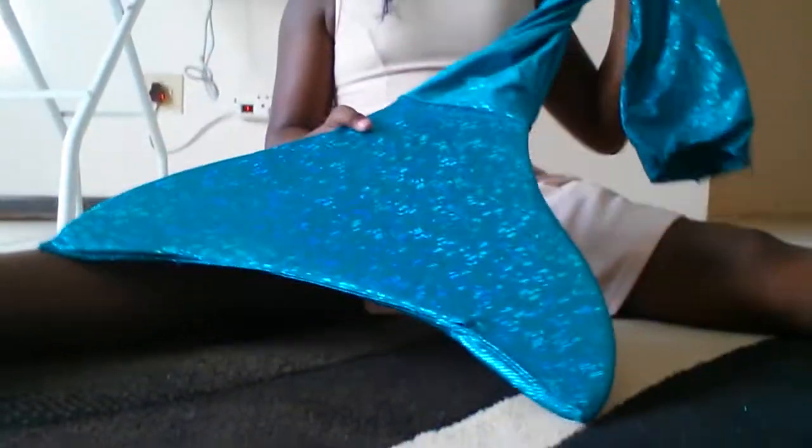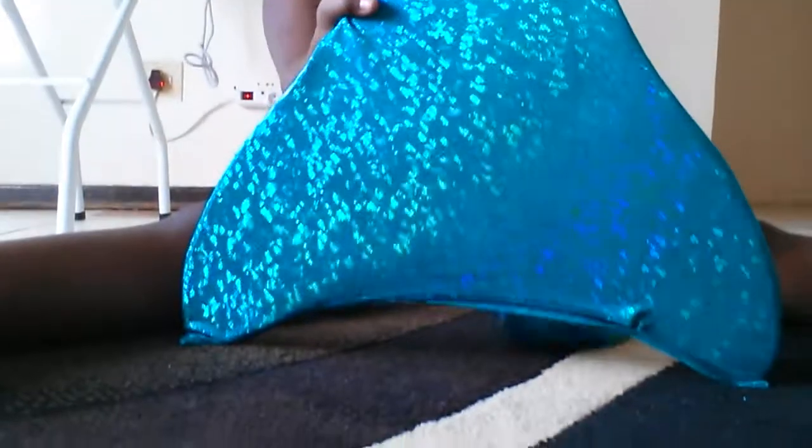Today I'm making a video on how to use your monofin — or your tail. My tail just came back, so my new tail looks like this.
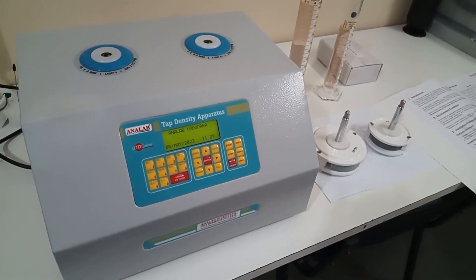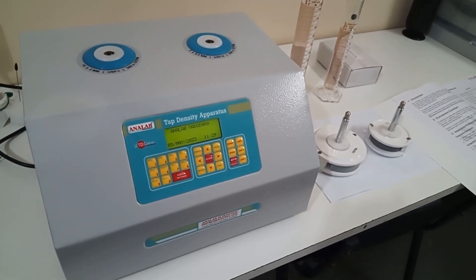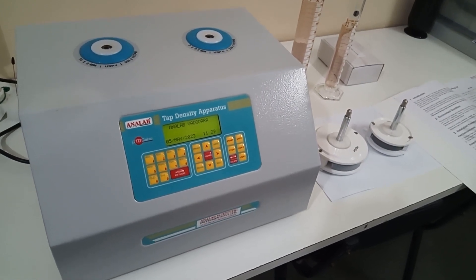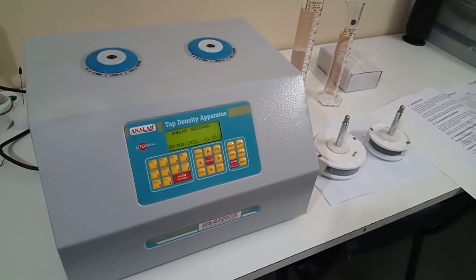Welcome to HANA lab. We are happy to introduce our tape density apparatus model micro TDKL50.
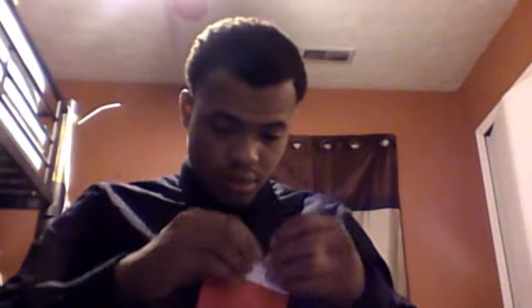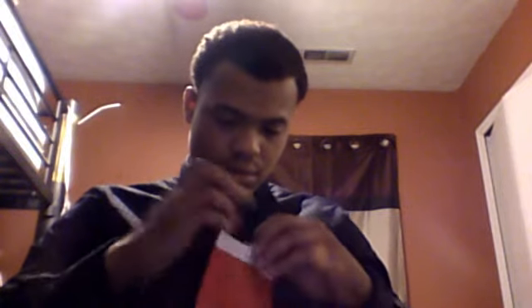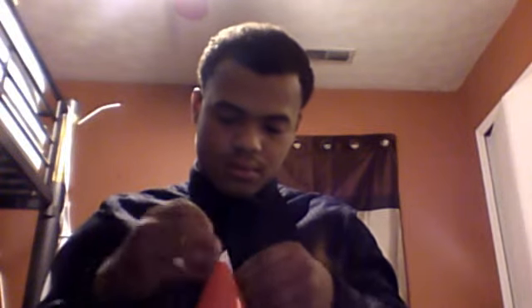Oh snap, here we go! I got one of them inflated — take this out. I got this one full, see it? I'm gonna do this one now.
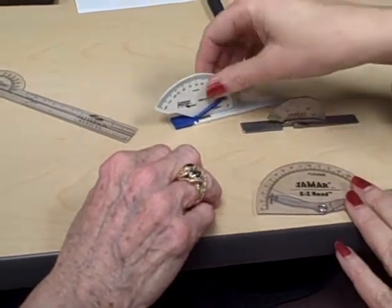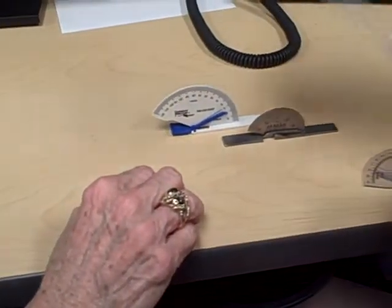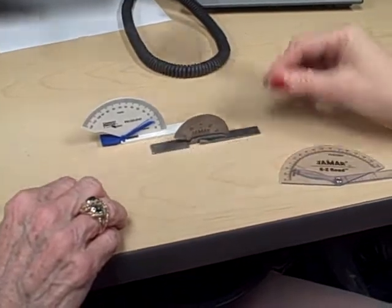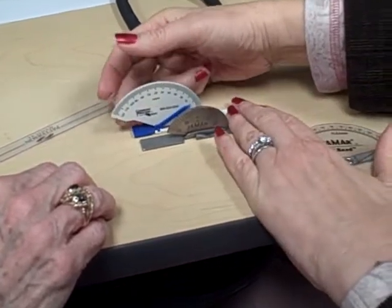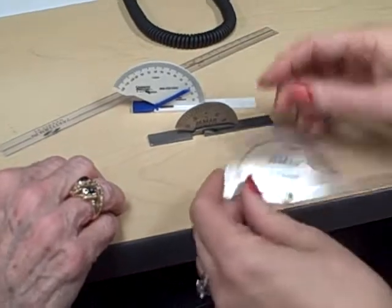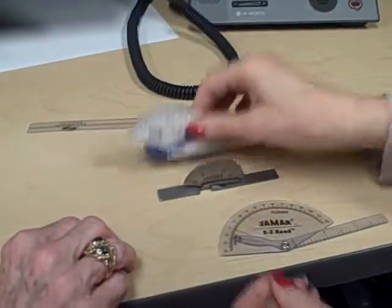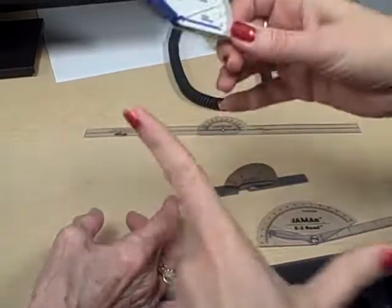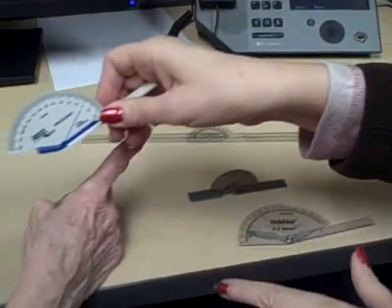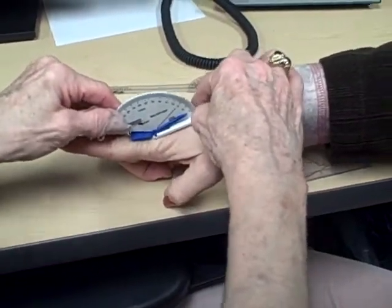Now look at another difference between these three goniometers versus this one. On this one the two arms will lie completely flat, but on these others the arms lie flat while there's a space — a cutout — in here. The purpose of this is that these goniometers can measure hyperextension. Whereas when the flat one is at zero, it's flat; but here at zero there's still space. So if someone has some hyperextension, the goniometer will fit right in there and measure up to 20 degrees of hyperextension.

# WHAT YOU ARE ASKED TO DO
Only the pictures are to be dropped; the rest of the material above must be duplicated exactly.

# WRITTEN REPLY
Today I'm making a video on how to use your monofin — or your tail. My tail just came back, so my new tail looks like this.
Welcome to HANA lab. We are happy to introduce our tape density apparatus model micro TDKL50.
Oh snap, here we go! I got one of them inflated — take this out. I got this one full, see it? I'm gonna do this one now.
Now look at another difference between these three goniometers versus this one. On this one the two arms will lie completely flat, but on these others the arms lie flat while there's a space — a cutout — in here. The purpose of this is that these goniometers can measure hyperextension. Whereas when the flat one is at zero, it's flat; but here at zero there's still space. So if someone has some hyperextension, the goniometer will fit right in there and measure up to 20 degrees of hyperextension.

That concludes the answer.